[Scraped caption text data]
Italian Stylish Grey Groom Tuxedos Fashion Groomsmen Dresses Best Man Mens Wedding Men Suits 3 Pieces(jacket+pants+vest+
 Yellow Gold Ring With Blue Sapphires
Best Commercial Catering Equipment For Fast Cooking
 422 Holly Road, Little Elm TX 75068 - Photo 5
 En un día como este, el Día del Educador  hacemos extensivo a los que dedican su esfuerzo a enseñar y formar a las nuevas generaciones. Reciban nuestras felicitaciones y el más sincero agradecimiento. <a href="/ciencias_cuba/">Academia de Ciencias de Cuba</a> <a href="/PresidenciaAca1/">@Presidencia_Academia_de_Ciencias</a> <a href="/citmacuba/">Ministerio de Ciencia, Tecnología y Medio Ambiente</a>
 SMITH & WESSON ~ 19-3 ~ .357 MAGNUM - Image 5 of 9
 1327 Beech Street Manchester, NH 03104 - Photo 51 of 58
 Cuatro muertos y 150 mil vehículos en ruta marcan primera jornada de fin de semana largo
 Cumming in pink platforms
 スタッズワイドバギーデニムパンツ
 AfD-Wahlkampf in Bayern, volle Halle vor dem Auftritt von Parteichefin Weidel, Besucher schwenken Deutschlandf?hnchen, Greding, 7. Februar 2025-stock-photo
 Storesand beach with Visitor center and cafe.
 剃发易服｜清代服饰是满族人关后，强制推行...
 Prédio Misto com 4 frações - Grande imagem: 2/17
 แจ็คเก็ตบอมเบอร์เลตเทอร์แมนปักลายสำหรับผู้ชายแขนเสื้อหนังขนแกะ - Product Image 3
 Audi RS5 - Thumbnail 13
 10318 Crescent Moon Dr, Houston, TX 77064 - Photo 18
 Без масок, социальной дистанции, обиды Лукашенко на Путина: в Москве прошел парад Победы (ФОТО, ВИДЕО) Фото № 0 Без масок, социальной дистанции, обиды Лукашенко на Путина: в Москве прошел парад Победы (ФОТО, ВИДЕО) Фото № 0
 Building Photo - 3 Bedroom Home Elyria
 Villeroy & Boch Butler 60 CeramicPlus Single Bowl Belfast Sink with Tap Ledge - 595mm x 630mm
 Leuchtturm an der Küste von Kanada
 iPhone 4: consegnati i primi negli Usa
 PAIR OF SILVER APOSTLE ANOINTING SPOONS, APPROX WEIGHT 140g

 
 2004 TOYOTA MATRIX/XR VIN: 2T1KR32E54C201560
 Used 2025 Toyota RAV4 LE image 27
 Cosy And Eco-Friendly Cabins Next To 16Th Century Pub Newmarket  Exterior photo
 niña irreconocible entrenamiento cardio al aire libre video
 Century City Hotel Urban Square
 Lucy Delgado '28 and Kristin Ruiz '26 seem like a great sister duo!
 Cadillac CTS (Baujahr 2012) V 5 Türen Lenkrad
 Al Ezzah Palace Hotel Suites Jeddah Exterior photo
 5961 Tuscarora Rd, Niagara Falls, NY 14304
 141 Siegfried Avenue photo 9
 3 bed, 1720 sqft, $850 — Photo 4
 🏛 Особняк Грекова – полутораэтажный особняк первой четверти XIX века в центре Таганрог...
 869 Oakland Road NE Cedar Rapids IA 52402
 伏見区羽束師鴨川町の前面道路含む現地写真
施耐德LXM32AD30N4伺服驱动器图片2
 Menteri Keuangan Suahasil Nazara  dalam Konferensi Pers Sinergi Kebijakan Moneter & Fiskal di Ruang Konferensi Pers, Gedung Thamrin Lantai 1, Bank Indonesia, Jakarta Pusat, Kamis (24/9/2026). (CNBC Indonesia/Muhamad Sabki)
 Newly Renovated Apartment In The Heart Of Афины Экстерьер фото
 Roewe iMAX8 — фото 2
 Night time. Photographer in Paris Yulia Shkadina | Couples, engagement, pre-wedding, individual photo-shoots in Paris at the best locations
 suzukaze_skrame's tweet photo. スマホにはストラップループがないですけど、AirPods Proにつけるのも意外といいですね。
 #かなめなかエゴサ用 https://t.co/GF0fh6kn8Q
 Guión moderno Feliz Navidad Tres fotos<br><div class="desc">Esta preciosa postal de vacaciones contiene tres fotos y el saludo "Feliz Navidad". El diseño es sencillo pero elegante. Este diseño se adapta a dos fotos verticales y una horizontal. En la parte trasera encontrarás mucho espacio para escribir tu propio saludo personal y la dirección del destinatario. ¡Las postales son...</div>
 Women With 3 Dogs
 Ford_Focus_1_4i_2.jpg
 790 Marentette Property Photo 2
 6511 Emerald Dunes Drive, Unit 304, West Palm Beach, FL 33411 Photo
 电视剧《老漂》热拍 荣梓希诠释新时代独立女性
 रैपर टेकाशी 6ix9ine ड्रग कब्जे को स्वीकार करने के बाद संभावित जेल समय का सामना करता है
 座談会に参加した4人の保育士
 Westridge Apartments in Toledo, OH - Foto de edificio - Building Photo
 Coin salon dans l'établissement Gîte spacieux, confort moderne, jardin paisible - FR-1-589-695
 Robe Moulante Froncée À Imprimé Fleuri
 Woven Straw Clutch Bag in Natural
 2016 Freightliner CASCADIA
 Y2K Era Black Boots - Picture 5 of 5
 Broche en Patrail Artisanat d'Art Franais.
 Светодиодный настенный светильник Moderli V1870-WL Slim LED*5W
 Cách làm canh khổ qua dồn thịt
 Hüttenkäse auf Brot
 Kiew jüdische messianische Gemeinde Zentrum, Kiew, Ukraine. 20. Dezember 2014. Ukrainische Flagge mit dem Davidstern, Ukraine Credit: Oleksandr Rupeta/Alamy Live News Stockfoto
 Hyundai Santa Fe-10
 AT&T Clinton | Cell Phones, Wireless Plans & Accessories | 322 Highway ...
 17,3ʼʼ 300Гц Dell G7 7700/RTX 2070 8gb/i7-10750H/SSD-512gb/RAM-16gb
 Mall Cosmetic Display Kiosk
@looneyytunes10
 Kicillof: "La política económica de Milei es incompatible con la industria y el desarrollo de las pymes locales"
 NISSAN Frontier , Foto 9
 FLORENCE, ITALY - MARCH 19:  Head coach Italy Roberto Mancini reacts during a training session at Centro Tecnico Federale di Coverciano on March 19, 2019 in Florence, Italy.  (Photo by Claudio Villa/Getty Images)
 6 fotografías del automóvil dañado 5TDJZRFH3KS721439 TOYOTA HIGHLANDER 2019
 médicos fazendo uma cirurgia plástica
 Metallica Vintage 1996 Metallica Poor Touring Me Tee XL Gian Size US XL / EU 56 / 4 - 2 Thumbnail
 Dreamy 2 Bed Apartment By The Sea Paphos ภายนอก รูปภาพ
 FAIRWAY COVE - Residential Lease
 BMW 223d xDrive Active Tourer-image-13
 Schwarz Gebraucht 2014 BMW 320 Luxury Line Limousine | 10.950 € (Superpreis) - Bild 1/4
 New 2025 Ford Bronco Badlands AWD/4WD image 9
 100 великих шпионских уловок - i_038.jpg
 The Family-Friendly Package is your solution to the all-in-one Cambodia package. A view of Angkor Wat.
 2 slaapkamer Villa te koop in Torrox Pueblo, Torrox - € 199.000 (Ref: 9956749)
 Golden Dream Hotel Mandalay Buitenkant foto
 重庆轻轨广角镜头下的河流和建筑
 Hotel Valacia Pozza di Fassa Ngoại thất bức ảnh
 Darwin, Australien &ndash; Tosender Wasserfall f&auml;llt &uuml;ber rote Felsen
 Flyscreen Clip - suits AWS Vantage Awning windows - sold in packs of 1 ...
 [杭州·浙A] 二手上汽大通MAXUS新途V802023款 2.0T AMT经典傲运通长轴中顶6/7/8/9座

▶ [PROMPT]
Where a line of the records contains the word "Exterior", copy that line.

▶ [RESPONSE TO THE TASK]
 Cosy And Eco-Friendly Cabins Next To 16Th Century Pub Newmarket  Exterior photo
 Al Ezzah Palace Hotel Suites Jeddah Exterior photo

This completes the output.